My own choice, were anyone to ask for it, would be any novel that made us think twice before expressing ourselves as infelicitously as Professor Jardine. Persuasion, say. A novel which is picky about the virtues of good prose and in which people go morally awry as a consequence of not employing it. That Captain Benwick is a kind man, Anne Elliot never doubts, but she is concerned at the degree to which he identifies with what he reads - "the various lines which imaged a broken heart, or a mind destroyed by wretchedness" - and ventures "to hope he did not always read only poetry", since "it was the misfortune of poetry, to be seldom safely enjoyed by those who enjoyed it completely." What Benwick needs, Anne reckons, is "such works of our best moralists ... as are calculated to rouse and fortify the mind by the highest precepts, and the strongest examples of moral and religious endurances."

Which is not, I grant you, devotees of Jane Austen though we claim to be, how we any longer talk. "There's a big emotional scale in this novel that is beautifully drawn" - is how we talk now. If I were to tell you that this nonsensical sentence is offered in support of Persuasion, which after all, but for the wrong reasons, does make the list, you would probably not believe me. But reader, it is.

"It's about identity," (no it's not) is how the picker of Persuasion goes on. And there we have it - it's about identity, the intellectual remissness of one age grafted on to the astringencies of another without the slightest sense of shame, the reading of a book nothing more than the story of oneself.

Don't mistake me: I am pleased that people are willing to enthuse about their reading. I would like there to be more of it. But is it necessary to do it so inexpertly? Cannot The Great Gatsby's advocate - an academic, incidentally - hear the meaninglessness of calling it "a book about someone's wishes and desires". Unlike which other novel you would care to name, Professor? And cannot the person choosing The Rainbow - another academic, incidentally - hear the nothingness of her appraisal of it as "a hugely important novel because it's historical in a way that is interesting." Would it help if I read that back to you, Professor? "Historical in a way that is interesting."

Professor Jardine, to stay with Professors, has chosen Catch 22. A man's book. That surprised us, didn't it? "A hugely important book," she calls it, echoing the previous Professor's "hugely important" - so we must assume that "hugely important" is a term currently going about the corridors of English departments, much as "referent" and "mise-en-abyme" once did.

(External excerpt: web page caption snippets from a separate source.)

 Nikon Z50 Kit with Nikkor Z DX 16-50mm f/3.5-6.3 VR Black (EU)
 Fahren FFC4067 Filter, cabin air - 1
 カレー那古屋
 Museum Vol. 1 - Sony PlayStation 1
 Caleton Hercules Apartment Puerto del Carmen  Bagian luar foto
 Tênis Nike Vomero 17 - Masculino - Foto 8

The other reason she has chosen it is because it's by a man - which doesn't seem a reason to me - and "because it really matters to me that men and women are not separated by the imaginary." I would say it really mattered to me as well if I grasped better what it meant. As it stands, I think you'll find you can apply it liberally to any book you fancy. Try it, anyway. Just name your novel, then say it really matters to you that men and women are not separated by the imaginary. My guess is that no one will disagree with you. They might start avoiding you in the street, but that's another matter.

There are a few plain things to say about this experiment in non-reading. Books rarely change our lives and, if they did, we would have a more vivid tale to tell of how. An intimate of mine jumped off the wardrobe after reading Peter Pan, and had she not fallen fortunately the story might well have changed her life in the sense of ending it. Otherwise we exaggerate the changes made in us. Nor is there any reason why a book should change our life. Our life might be fine and dandy as it is. A novel worth the reading, though, will assuredly make a difference to how we think and feel, will allow us to lose rather than to find ourselves, and will, in Jane Austen's language, rouse and fortify the mind.

The mind doesn't get much mention in this welter of "memorable interventions". But the truth is, we are never more exposed as advocates of literature than when we speak as those who do not have one.